3.7.180. Phi-tree

A constraint for which one of its filtering algorithms uses a balanced binary tree in order to efficiently evaluate the maximum or minimum value of a formula over all possible subsets of tasks $\Omega$ of a given set of tasks $\Phi$. $\Phi$ -trees were introduced by P. Vilím, first in the context of unary resources in [Vilim04] and in [Vilim07], and later on in the context of cumulative resources [Vilim09a], [Vilim09b]. Without loss of generality, let us sketch the main idea behind a $\Phi$-tree in the context of a cumulative resource of capacity $C$. For this purpose we follow the description given in [Vilim09a]. Given a set of tasks $\Phi$ where each task has an earliest possible start, a latest possible end, a duration and a resource consumption, assume we need to evaluate the earliest completion time over all tasks of $\Phi$ under the hypothesis that we should not exceed the maximum resource capacity $C$. Let us first introduce some notations:

• $\Omega$ denotes any non -empty subset of tasks of $\Phi$.

• ${\mathrm{𝑒𝑠𝑡}}_{\Omega }$ is the minimum over the earliest starts of the tasks in $\Omega$.

• ${e}_{\Omega }$ is the sum of the surfaces (i.e., the product of the duration by the resource consumption) of the tasks in $\Omega$.

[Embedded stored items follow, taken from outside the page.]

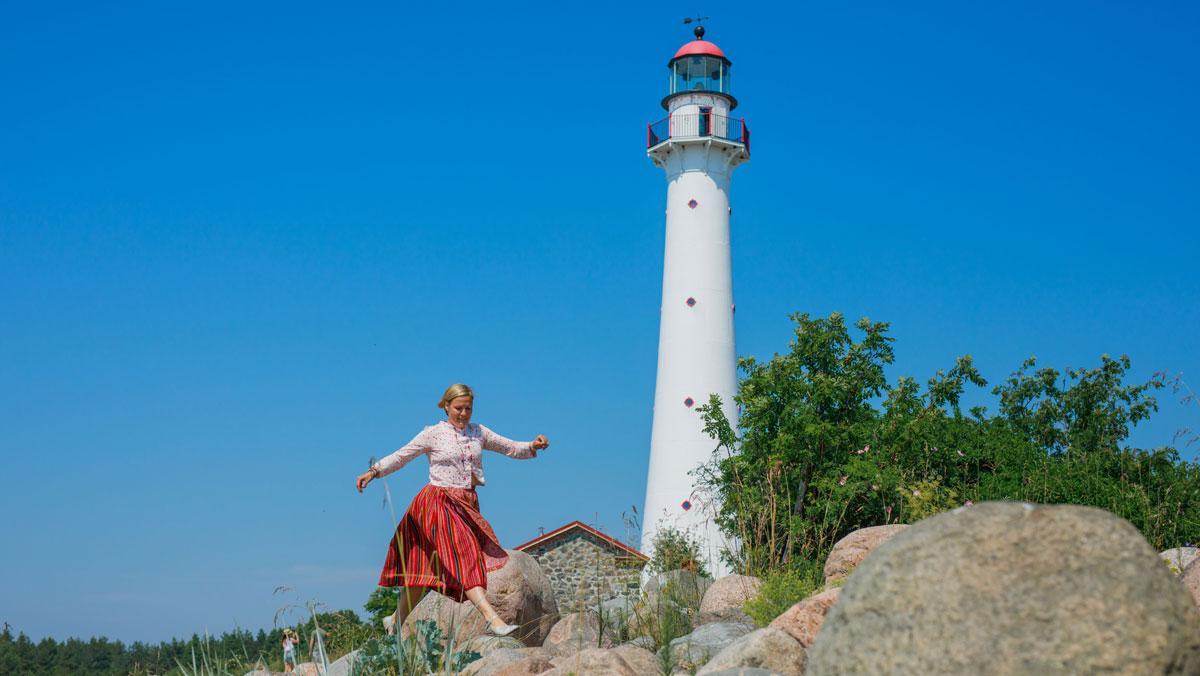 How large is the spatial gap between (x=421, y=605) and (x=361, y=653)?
7.15 meters

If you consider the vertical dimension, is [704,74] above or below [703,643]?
above

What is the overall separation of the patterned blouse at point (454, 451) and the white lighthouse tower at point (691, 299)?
56.7ft

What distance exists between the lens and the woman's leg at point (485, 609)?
9555mm

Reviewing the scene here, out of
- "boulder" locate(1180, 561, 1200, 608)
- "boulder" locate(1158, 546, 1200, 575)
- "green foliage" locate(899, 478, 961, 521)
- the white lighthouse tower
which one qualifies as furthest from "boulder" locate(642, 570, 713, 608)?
the white lighthouse tower

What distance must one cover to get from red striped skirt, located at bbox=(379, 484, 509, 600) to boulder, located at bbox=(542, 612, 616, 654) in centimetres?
86

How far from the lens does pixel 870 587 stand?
174 inches

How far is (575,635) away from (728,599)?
2025mm

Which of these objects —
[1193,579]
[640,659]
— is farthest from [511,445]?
[1193,579]

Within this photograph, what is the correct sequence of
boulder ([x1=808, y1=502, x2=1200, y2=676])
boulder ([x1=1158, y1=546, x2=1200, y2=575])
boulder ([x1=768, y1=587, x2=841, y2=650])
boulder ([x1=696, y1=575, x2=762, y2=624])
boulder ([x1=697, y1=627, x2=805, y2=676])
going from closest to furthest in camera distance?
1. boulder ([x1=808, y1=502, x2=1200, y2=676])
2. boulder ([x1=697, y1=627, x2=805, y2=676])
3. boulder ([x1=768, y1=587, x2=841, y2=650])
4. boulder ([x1=696, y1=575, x2=762, y2=624])
5. boulder ([x1=1158, y1=546, x2=1200, y2=575])

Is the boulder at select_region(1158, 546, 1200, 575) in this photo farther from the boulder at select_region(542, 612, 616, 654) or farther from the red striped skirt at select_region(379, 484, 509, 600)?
the red striped skirt at select_region(379, 484, 509, 600)

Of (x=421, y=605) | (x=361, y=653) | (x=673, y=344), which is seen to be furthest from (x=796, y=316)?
(x=361, y=653)

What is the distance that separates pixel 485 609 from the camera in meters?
A: 9.80

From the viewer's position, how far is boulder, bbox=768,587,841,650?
741cm

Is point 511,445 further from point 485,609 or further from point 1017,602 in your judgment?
point 1017,602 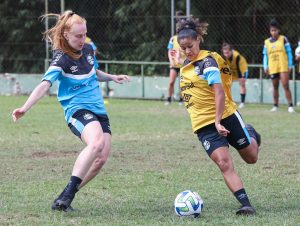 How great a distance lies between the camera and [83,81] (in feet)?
23.8

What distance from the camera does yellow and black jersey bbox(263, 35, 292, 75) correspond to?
17859 mm

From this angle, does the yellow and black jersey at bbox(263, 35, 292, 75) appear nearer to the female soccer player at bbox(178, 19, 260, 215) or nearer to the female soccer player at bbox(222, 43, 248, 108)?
the female soccer player at bbox(222, 43, 248, 108)

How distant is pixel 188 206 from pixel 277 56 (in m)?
11.7

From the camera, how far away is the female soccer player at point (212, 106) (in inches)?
272

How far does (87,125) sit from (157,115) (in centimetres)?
975

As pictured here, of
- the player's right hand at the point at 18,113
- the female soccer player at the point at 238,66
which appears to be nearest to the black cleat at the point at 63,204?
the player's right hand at the point at 18,113

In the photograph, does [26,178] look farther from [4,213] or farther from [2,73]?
[2,73]

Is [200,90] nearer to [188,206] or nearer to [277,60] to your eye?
[188,206]

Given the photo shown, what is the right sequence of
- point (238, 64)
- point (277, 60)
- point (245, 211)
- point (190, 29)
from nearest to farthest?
point (245, 211)
point (190, 29)
point (277, 60)
point (238, 64)

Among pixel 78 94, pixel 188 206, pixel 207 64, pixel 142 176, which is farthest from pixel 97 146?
pixel 142 176

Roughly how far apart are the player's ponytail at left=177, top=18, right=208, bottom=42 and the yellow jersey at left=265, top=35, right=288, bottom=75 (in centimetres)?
1089

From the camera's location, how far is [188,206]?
6746mm

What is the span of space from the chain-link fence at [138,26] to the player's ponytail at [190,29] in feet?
44.4

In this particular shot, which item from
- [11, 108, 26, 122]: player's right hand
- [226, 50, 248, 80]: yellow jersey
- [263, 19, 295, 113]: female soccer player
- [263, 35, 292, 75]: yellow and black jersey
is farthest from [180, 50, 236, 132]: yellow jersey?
[226, 50, 248, 80]: yellow jersey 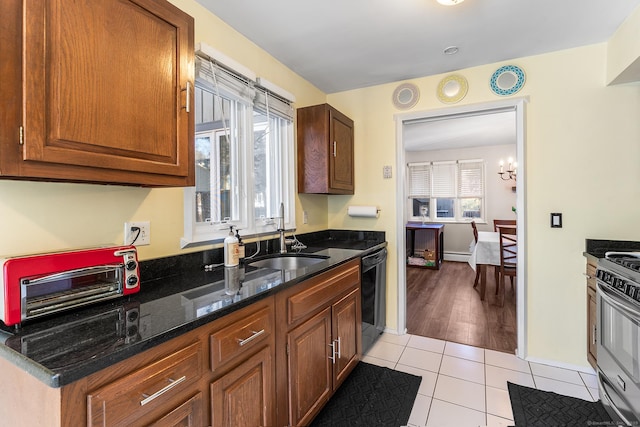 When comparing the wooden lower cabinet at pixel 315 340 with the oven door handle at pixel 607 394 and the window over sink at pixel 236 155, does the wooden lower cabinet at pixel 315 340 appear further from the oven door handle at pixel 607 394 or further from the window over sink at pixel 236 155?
the oven door handle at pixel 607 394

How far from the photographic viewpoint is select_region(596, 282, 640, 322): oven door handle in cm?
143

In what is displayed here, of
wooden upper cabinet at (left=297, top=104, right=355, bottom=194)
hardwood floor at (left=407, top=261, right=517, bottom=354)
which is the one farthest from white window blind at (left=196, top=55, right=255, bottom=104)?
hardwood floor at (left=407, top=261, right=517, bottom=354)

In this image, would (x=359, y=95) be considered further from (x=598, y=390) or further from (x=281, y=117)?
(x=598, y=390)

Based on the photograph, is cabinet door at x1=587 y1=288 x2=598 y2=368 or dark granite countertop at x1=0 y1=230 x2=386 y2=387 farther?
cabinet door at x1=587 y1=288 x2=598 y2=368

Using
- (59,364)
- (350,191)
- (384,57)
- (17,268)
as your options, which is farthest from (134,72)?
(350,191)

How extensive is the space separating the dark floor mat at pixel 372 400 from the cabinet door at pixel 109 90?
4.95 feet

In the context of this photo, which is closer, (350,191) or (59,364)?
(59,364)

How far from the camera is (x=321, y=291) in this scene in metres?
1.64

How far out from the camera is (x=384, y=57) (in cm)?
232

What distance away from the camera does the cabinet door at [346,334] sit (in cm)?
184

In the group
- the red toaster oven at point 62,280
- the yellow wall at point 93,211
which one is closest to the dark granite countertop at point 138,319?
the red toaster oven at point 62,280

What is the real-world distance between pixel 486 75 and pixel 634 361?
2.08 metres

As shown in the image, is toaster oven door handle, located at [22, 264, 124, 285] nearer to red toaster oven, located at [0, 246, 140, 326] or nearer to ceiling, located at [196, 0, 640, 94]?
red toaster oven, located at [0, 246, 140, 326]

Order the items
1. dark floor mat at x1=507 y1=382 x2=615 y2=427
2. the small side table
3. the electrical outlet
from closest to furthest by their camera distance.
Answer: the electrical outlet → dark floor mat at x1=507 y1=382 x2=615 y2=427 → the small side table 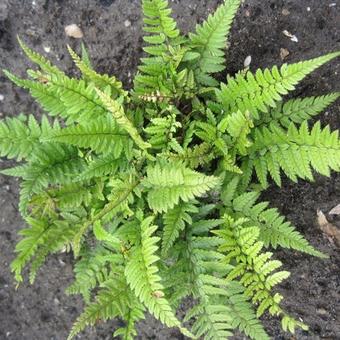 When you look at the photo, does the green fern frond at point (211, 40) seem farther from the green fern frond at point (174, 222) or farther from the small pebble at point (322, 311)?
the small pebble at point (322, 311)

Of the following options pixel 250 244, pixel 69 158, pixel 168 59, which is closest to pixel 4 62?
pixel 69 158

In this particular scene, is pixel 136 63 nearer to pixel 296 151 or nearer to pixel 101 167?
pixel 101 167

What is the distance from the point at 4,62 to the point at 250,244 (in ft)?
7.58

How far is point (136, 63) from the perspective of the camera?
3729 millimetres

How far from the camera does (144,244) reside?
2.79 meters

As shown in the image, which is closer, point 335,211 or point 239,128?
point 239,128

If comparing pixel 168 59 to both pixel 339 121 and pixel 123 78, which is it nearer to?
pixel 123 78

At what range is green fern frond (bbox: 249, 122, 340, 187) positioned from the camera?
2693 millimetres

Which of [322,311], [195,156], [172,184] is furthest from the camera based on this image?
[322,311]

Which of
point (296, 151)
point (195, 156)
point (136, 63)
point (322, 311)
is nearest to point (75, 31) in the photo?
point (136, 63)

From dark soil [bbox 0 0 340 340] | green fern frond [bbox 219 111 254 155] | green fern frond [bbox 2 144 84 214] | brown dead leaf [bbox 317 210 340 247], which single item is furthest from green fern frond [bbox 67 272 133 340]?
brown dead leaf [bbox 317 210 340 247]

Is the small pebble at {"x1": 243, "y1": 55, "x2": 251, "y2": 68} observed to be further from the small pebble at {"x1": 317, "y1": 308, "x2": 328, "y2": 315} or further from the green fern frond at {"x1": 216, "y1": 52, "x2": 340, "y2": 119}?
the small pebble at {"x1": 317, "y1": 308, "x2": 328, "y2": 315}

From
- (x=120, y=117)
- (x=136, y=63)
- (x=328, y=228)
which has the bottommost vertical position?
(x=328, y=228)

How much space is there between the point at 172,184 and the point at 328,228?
4.49 ft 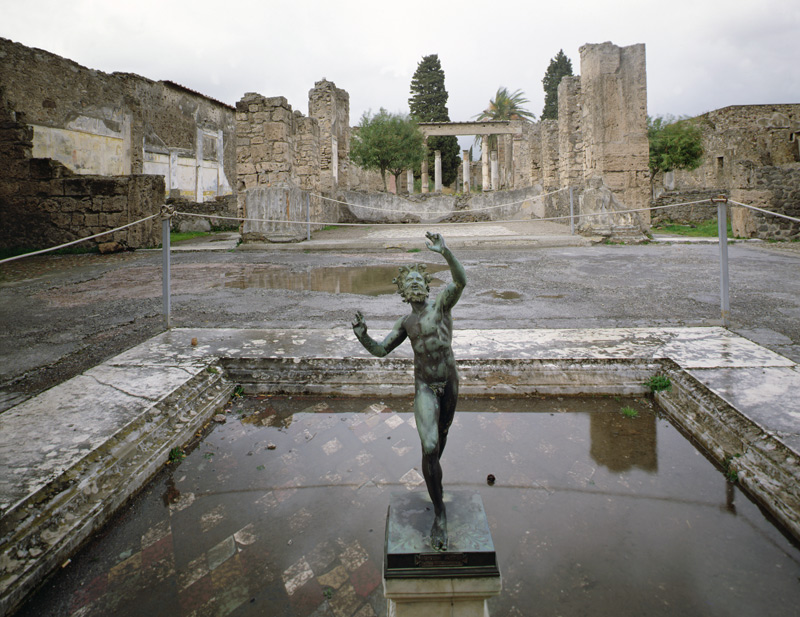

A common estimation of the earliest completion time over all tasks of $\Phi$ is ${max}_{\Omega \subseteq \Phi }\left\{{\mathrm{𝑒𝑠𝑡}}_{\Omega }+⌈\frac{{e}_{\Omega }}{C}⌉\right\}$ which can be rewritten as $⌈\frac{{max}_{\Omega \subseteq \Phi }\left\{C{\mathrm{𝑒𝑠𝑡}}_{\Omega }+{e}_{\Omega }\right\}}{C}⌉$. The numerator of the last fraction is called the energy envelope of the set of tasks $\Phi$ and the purpose of a $\Phi$-tree is to evaluate this quantity efficiently. For a node $n$, let $ℒ\left(n\right)$ denote the set of leaves of the sub -tree rooted at $n$. The leaves of the $\Phi$-tree correspond to the tasks of $\Phi$ sorted from left to right by increasing earliest start. Each node $n$ of the $\Phi$-tree records both, the sum of the surfaces of the tasks in $ℒ\left(n\right)$, as well as the energy envelope of the tasks in $ℒ\left(n\right)$. The sum of the surfaces associated with a non -leave node $n$ of the tree corresponds to the sum of the surfaces of the children of $n$, while the energy envelope of $n$ is equal to the maximum between on the one hand, the energy envelop of its right child and on the other hand the sum of the energy envelop of its left child and the recorded sum of surfaces of its right child (see [Vilim09a] for a justification of these recursive formulae). Figure 3.7.41 illustrates the construction of a $\Phi$ -tree associated with four given tasks.